For what? Minus celcius degree weather, winds that slash your face with invisible ice daggers, and the never-ending coldness. Doesn't sound too pleasant huh?
To be quite honest, it hasn't been all that bad. Having a "season" is definitely something most Southern Californians take for granted. Not because we're all superficial, or need a constant tan, but it's primarily because we never have the opportunity to experience such wonders. About two months ago, Korea was hit with a record breaking snowfall that halted all activities in the country, including schools! That day I left from my Aunt's house in Suwon (about an hour south of Seoul) around 10 AM, and got to my school around 3 PM, only to be told that I could go home because the busses could not shuttle the students to school.

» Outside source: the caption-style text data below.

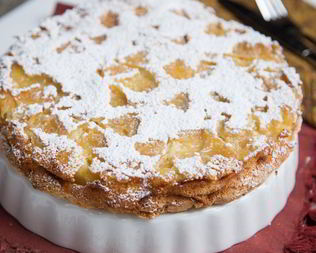 Простая Шарлотка с яблоками в духовке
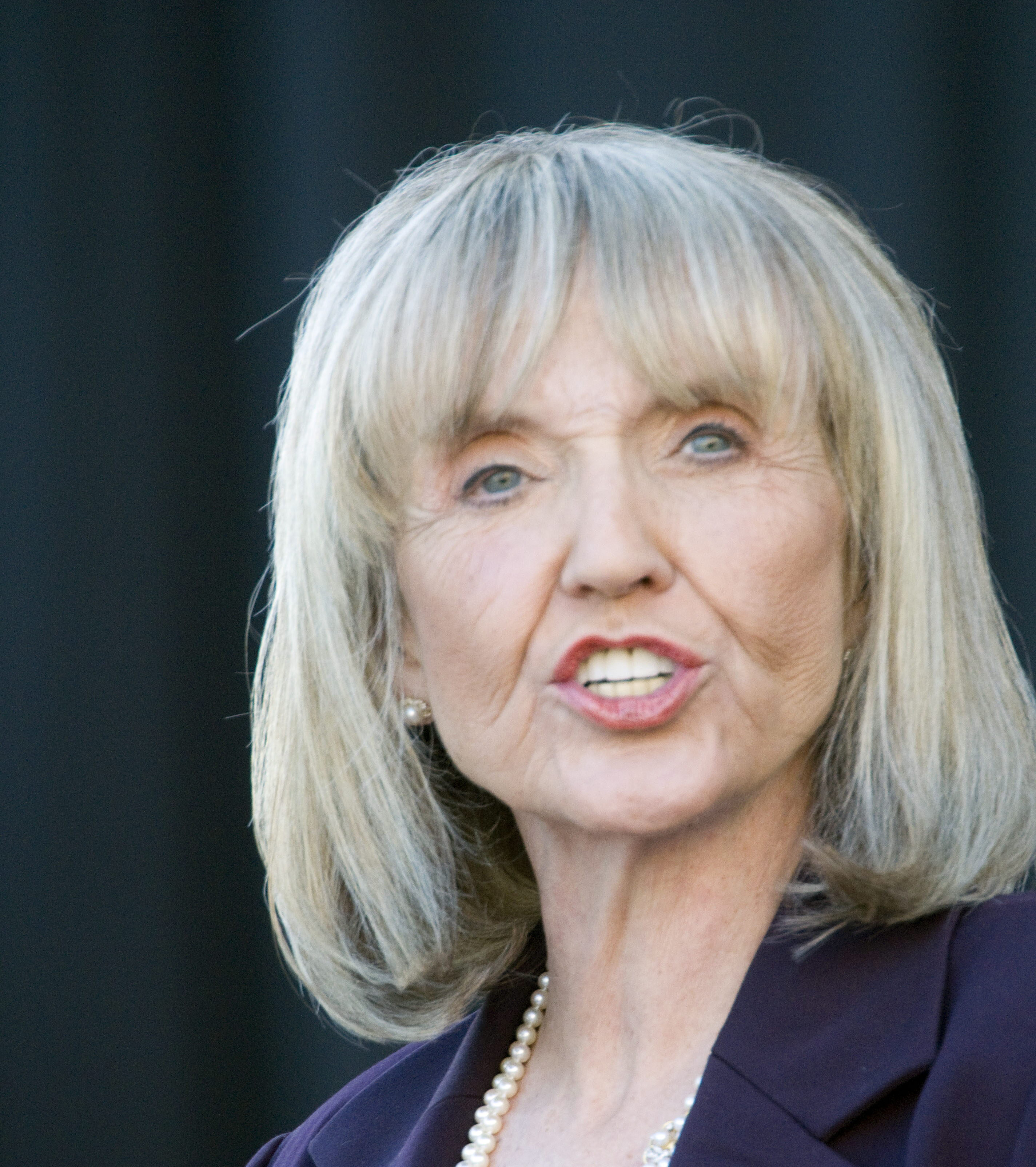 Jan Brewer firmó la ley antiinmigrante Jan Brewer firmó la ley antiinmigrante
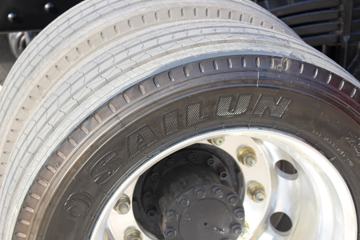 �ൺ��� JH6�ؿ� 2019�� 320���� 8X4 9.5�ײ�դʽ�ػ���(CA5511CCYP25K1L7T4E5A80)ͼƬ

What a great break for a Monday I thought! The minute I sneak in a "f*ck yes!" I'm told I would have to make it up that Saturday! -__- Awesome. Anyways, it's March now and Spring should be arriving sooner than later.
Even in Korea I still value my weekends like every other individual in the work-force. Most of that time has been spent hanging out with hj and jungle. With our Nikons strapped, we shoot up every district we go to, and make tourists look like... well tourists. I'm too lazy to repost all the pictures that I've shot, but you can definitely find them on that social networkin g site. You know! (the one that beat out myspace, and is now crawling with creepers and bots). We were also graced with the presence of Jason Kim, and Janice Kang (thanks you two!). Hopefully, we will have more visitors in the coming months. Recently, I have been a home-body, opting to stay in-doors, and playing with my cousins. I can't wait for t-shirt days, and biking along the river.

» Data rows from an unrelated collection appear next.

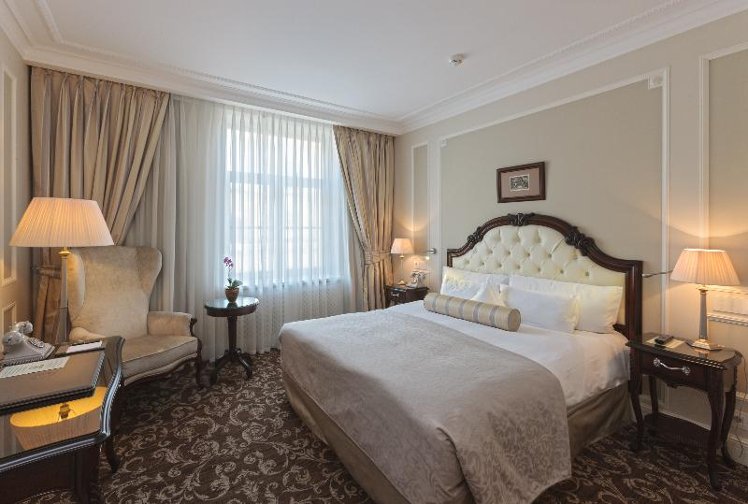 DOUBLE SINGLE USE PREMIUM Room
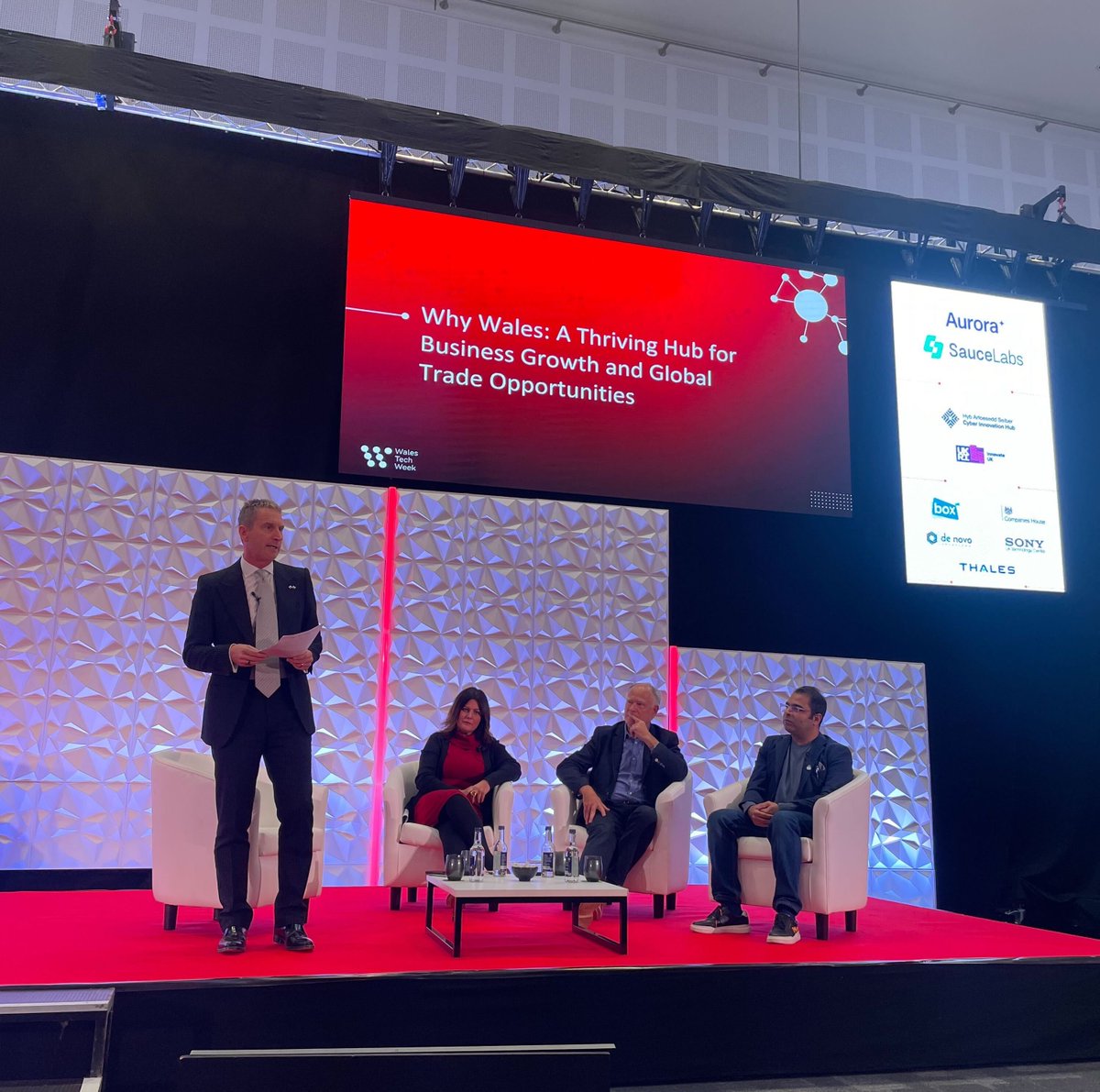 Why Wales? Why not! What a fantastic way to wrap up Day One of #WalesTechWeek 🏴󠁧󠁢󠁷󠁬󠁳󠁿🙌

It was great to delve into the components that make Wales a thriving hub for business growth and global trade opportunities! (1/2) 

#FinTech #Wales #BusinessGrowth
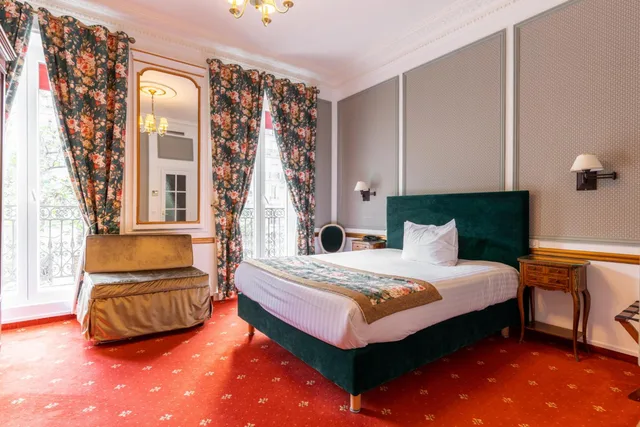 Superior, Double Bed, Arc De Triomphe View, Balcony، Hotel Belfast 4/10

Some things I've noticed here:
1. Shopping is a national pastime.
2. Drinking is a national hobby.
3. Smoking is a national leisure activity.
4. Passing out on the subway is acceptable.
5. Err... passing out ANYWHERE is acceptable.
6. Korean food is not that expensive.
7. Too bad everything else is!
8. Public transportation is awesome!
9. If you don't mind sitting next to ajushi's that reek of alcohol.
10. Everyone's watching something on their cell phone.
11. I can watch a starcraft match on tv while running on the treadmill.
12. I can simultaneously watch a Big Bang music video while biking.
13. Anything American is 35% over-priced.
14. Need any McDonalds, Burger King, Starbucks, Coffee Bean, Dunkin Donuts, Krispy Kreme, 7-11, Black Angus (wtf?). I know I'm missing more...
15. Being a couple requires matching shoes, or matching winter jackets. Or both.
16. Being single means you're hanging out with friends that are of the same sex.
17. There are a million foreigners here.
18. You either stop abruptly, or the car takes you out. Pedestrians do not have the right of way.
19. PC bang, DVD Room, Karaoke, Billiards, Bar, Cafe - ALL IN ONE BUILDING!
20. Everyone wants to know your age, and if your single or taken.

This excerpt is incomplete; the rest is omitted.